Kristin Chenoweth in earlier guest shot on Glee. Fox photo

ABC has picked up Good Christian Belles for next season after dropping the previous B-word (Bitches) from its working title during filming of the pilot episode in Dallas.

But co-star Kristin Chenoweth said on Monday morning's edition of Fox & Friends that the show will go on elsewhere. "We shot the pilot in Dallas. We'll shoot it (the series) in New York or L.A.," she said on one of her favorite TV venues.

ABC officially announces its new 2011-12 plans on Tuesday morning, when a night and time for Good Christian Belles will be disclosed.

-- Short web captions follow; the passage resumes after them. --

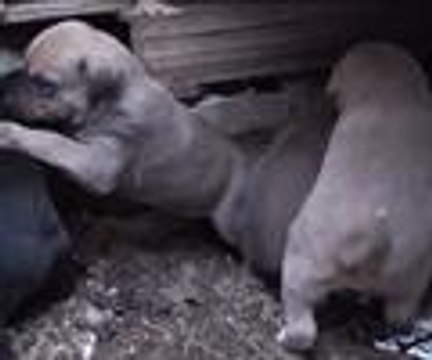 Sokak köpeği bir batında 18 yavru doğurdu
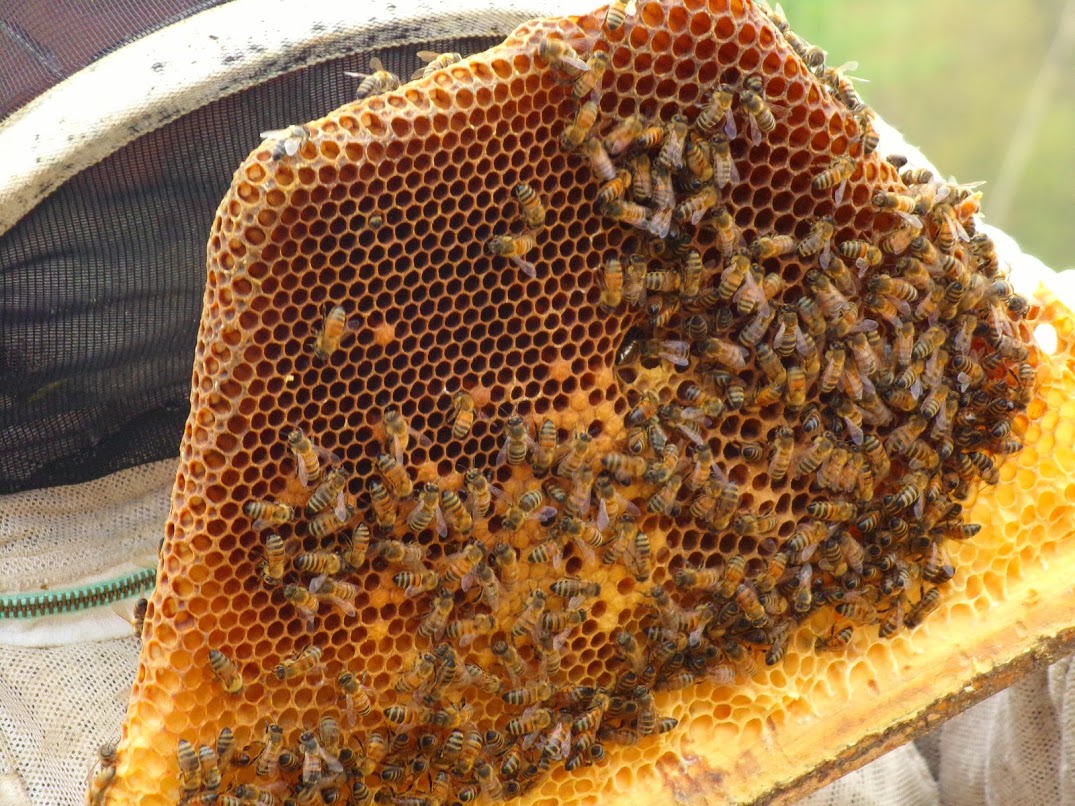 Top Bar Hive comb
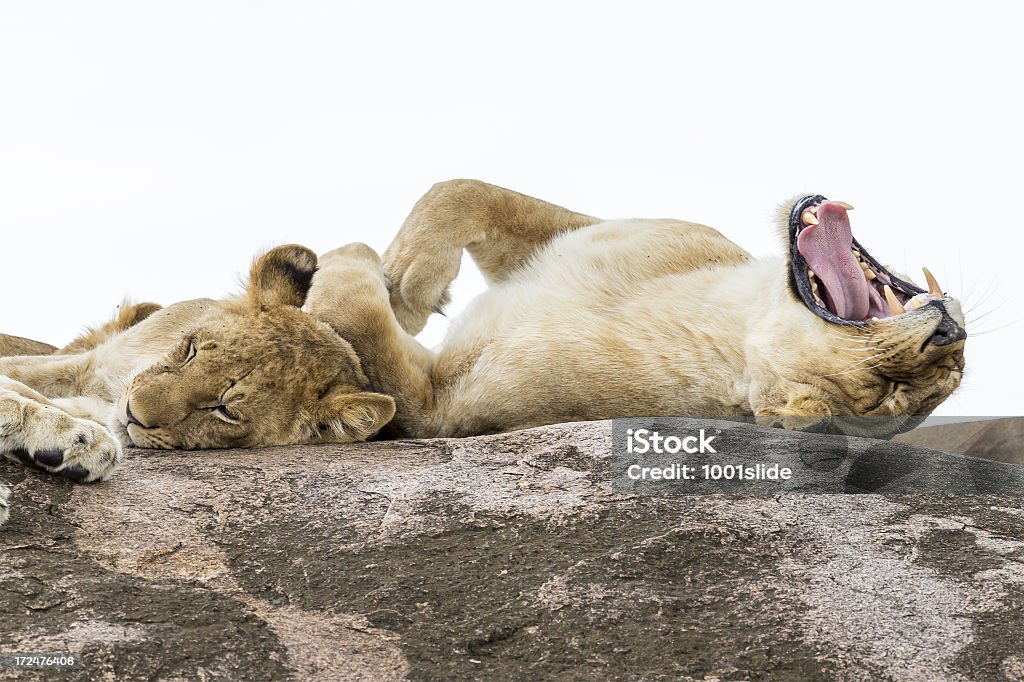 Lionne sur wild-Bouche ouverte - Photo de Animal femelle libre de droits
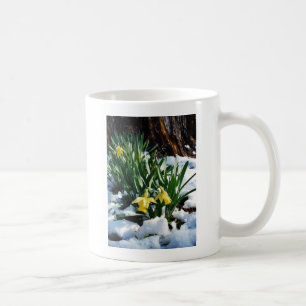 Gelbe Daffodien Blume im Schnee Kaffeetasse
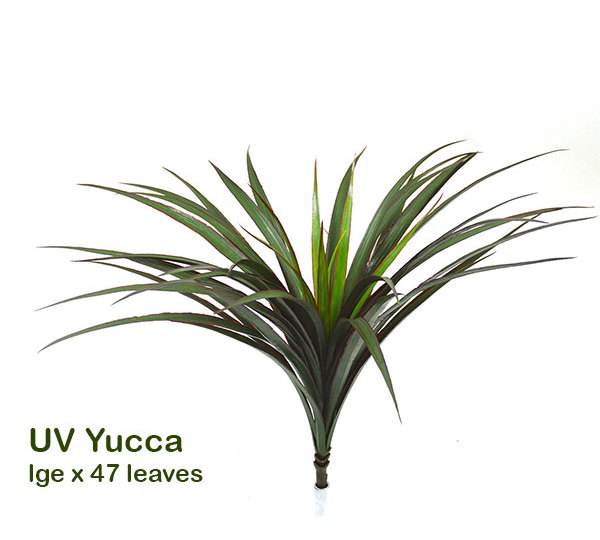 Yuccas- UV-stable...lge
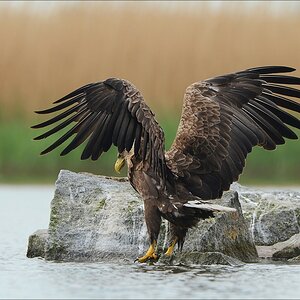 aacomp usedom 20130517 1599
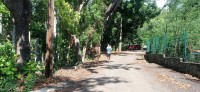 20250404_103326.jpg 20250404_103326.jpg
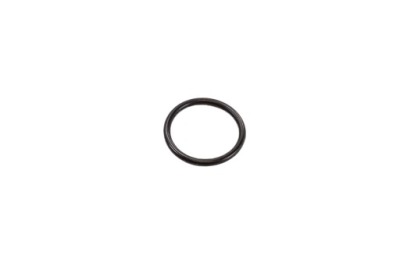 O-RING Case IH
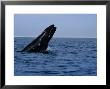 Gray Whale, Juvenile Breaching, Magdelena Bay by Gerard Soury Limited Edition Print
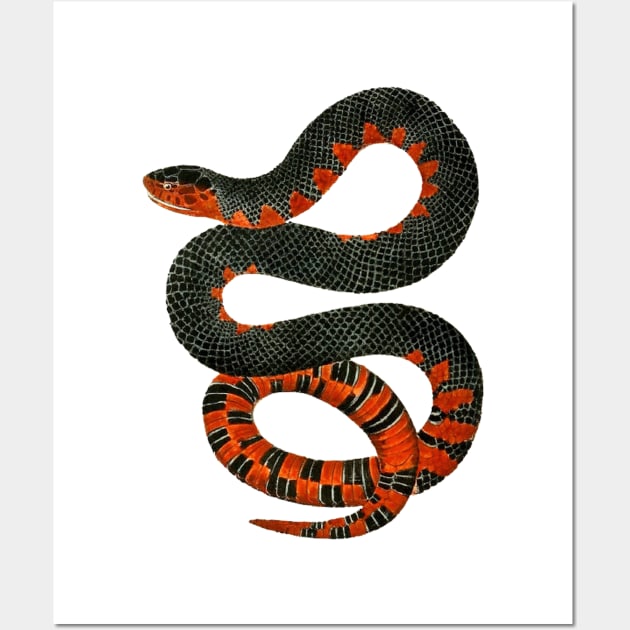 Scary Snake Wall Art by born30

As previously posted, the melodrama is adapted from the book by Kim Gatlin, with Leslie Bibb and Annie Potts also in the cast assembled by ABC.

Bibb plays central character Amanda Vaughn, a scandal-rocked divorced mother of two who returns to her Dallas hometown and becomes the target of nasty back-biting by former Christian schoolmates. Gatlin's official GCB website puts it this way: "In the whirling midst of salacious gossip, Botox, and fraud, Amanda turns to those who love her and the faith she's always known. Will the Good Christian Bitches get the best of her, or will everyone see that these GCBs are as counterfeit as their travel jewelry?"

Dallas Film Commission head Janis Burklund could not immediately be reached for comment on Chenoweth's revelation that GCB won't be making Dallas its home base. The city still hopes to land TNT's re-do of Dallas on a permanent basis if the network commits to a series. The pilot was filmed in North Texas this month, with original cast members Larry Hagman, Linda Gray and Patrick Duffy back in harness along with a younger generation of actors playing their various offspring.

Last year at this time, Dallas was flush with the news that NBC's Chase and Fox's The Good Guys and Lone Star all would be filming in the Dallas area after making their networks' fall lineups. But they were canceled in fairly short order, as was ABC's new Austin-made drama series, My Generation.